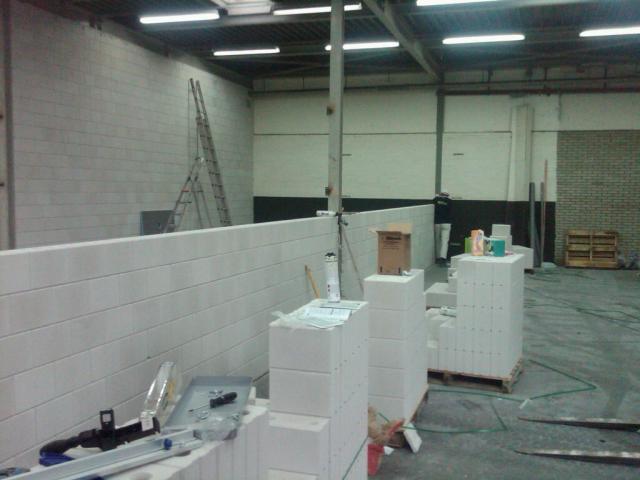 15 cm dikke vuurvaste muren worden geplaatst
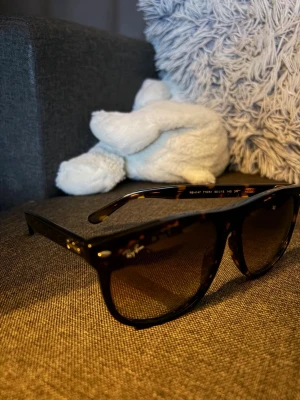 Ray-Ban boyfreind solglasögon - Snygga Ray-Ban boyfreind solglasögon i brunsköldpaddsmönster med mörka glas. Klassisk och tidlös design med Ray-Ban-logga på skalmarna. Kommer med original svart fodral. Perfekta för soliga dagar och ger en cool vibe.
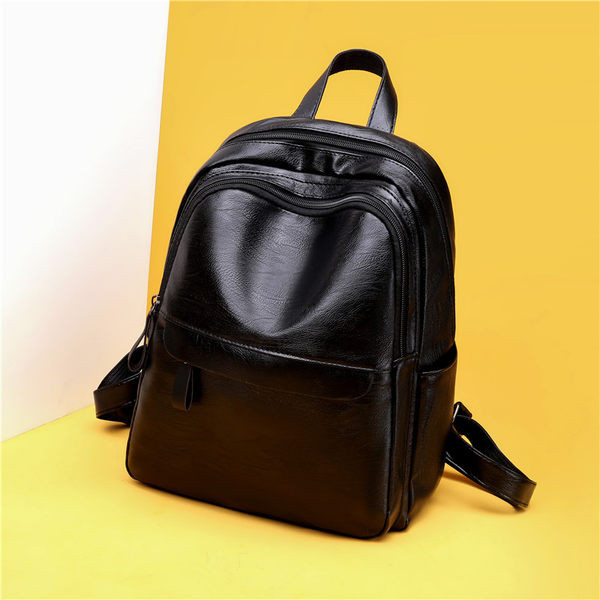 Női bőr hátizsák több rekesszel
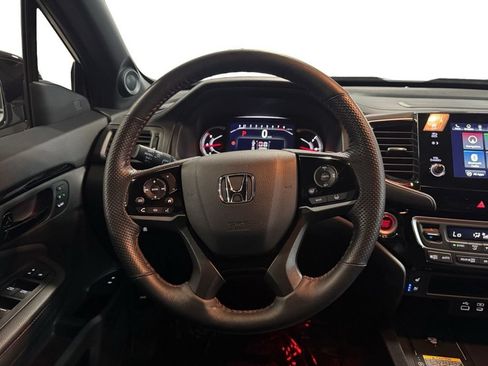 Used 2024 Honda Passport Black Edition image 16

AIM OF THE EXERCISE
Give the data again exactly. Keep the images out.

THE COMPLETED TASK
 15 cm dikke vuurvaste muren worden geplaatst
 Ray-Ban boyfreind solglasögon - Snygga Ray-Ban boyfreind solglasögon i brunsköldpaddsmönster med mörka glas. Klassisk och tidlös design med Ray-Ban-logga på skalmarna. Kommer med original svart fodral. Perfekta för soliga dagar och ger en cool vibe.
 Női bőr hátizsák több rekesszel
 Used 2024 Honda Passport Black Edition image 16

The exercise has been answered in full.